Writing "binary indoremix" to "./sync/new_file0.txt"...
Writing "slavic aggro polka fusion" to "./sync/new_file1.txt"...
Writing "israeli new wave" to "./sync/new_file2.txt"...
Writing "byzantine motown" to "./sync/new_file3.txt"...
Writing "dutch hate industrialtune" to "./sync/new_file4.txt"...
Time to complete synchronous read/writes: 1.42 seconds

Upon running the script, we see that it takes my computer around 1.49 seconds (along with classic music genres such as "dutch hate industrialtune"). Not too bad.

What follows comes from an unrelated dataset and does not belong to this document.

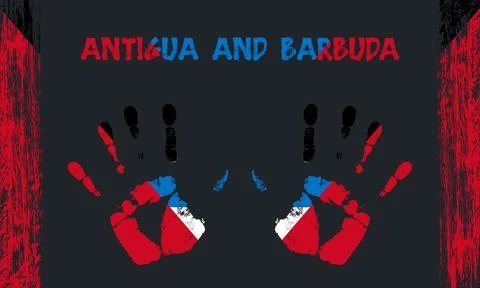 Vector flag of Antigua and Barbuda with a palm Stock Illustration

Now let's run the version that uses threading:

Starting...
Writing "college k-dubstep" to "./threading/new_file2.txt"...
Writing "swiss dirt" to "./threading/new_file0.txt"...
Writing "bop idol alternative" to "./threading/new_file4.txt"...
Writing "ethertrio" to "./threading/new_file1.txt"...
Writing "beach aust shanty français" to "./threading/new_file3.txt"...
Time to complete threading read/writes: 0.77 seconds

The first thing that might stand out to you is the functions not being completed in order: 2 - 0 - 4 - 1 - 3

This is because of the asynchronous nature of threading: as one function waits, another one begins, and so on. Because we're able to continue performing tasks while we're waiting on others to finish (either due to networking or file I/O operations), you may also have noticed that we cut our time roughly in half: 0.77 seconds. Whereas this might not seem like a lot now, it's easy to imagine the very real case of building a web application that needs to write much more data to a file or interact with much more complex web services.

So, if threading is so great, why don't we end the article here?

Because there are even better ways to perform tasks concurrently.

Asyncio

Let's take a look at an example using asyncio. For this method, we're going to install aiohttp using pip. This will allow us to make non-blocking requests and receive responses using the async/await syntax that will be introduced shortly. It also has the extra benefit of a function that converts a JSON response without needing to import the json library. We'll also install and import aiofiles, which allows non-blocking file operations. Other than aiohttp and aiofiles, import asyncio, which comes with the Python standard library.

"Non-blocking" means a program will allow other threads to continue running while it's waiting. This is opposed to "blocking" code, which stops execution of your program completely. Normal, synchronous I/O operations suffer from this limitation.

You can find the code for this example here.

Once we have our imports in place, let's take a look at the asynchronous version of the write_genre function from our asyncio example:

async def write_genre(file_name):
    """
    Uses genrenator from binaryjazz.us to write a random genre to the
    name of the given file
    """

    async with aiohttp.ClientSession() as session:
        async with session.get("https://binaryjazz.us/wp-json/genrenator/v1/genre/") as response:
            genre = await response.json()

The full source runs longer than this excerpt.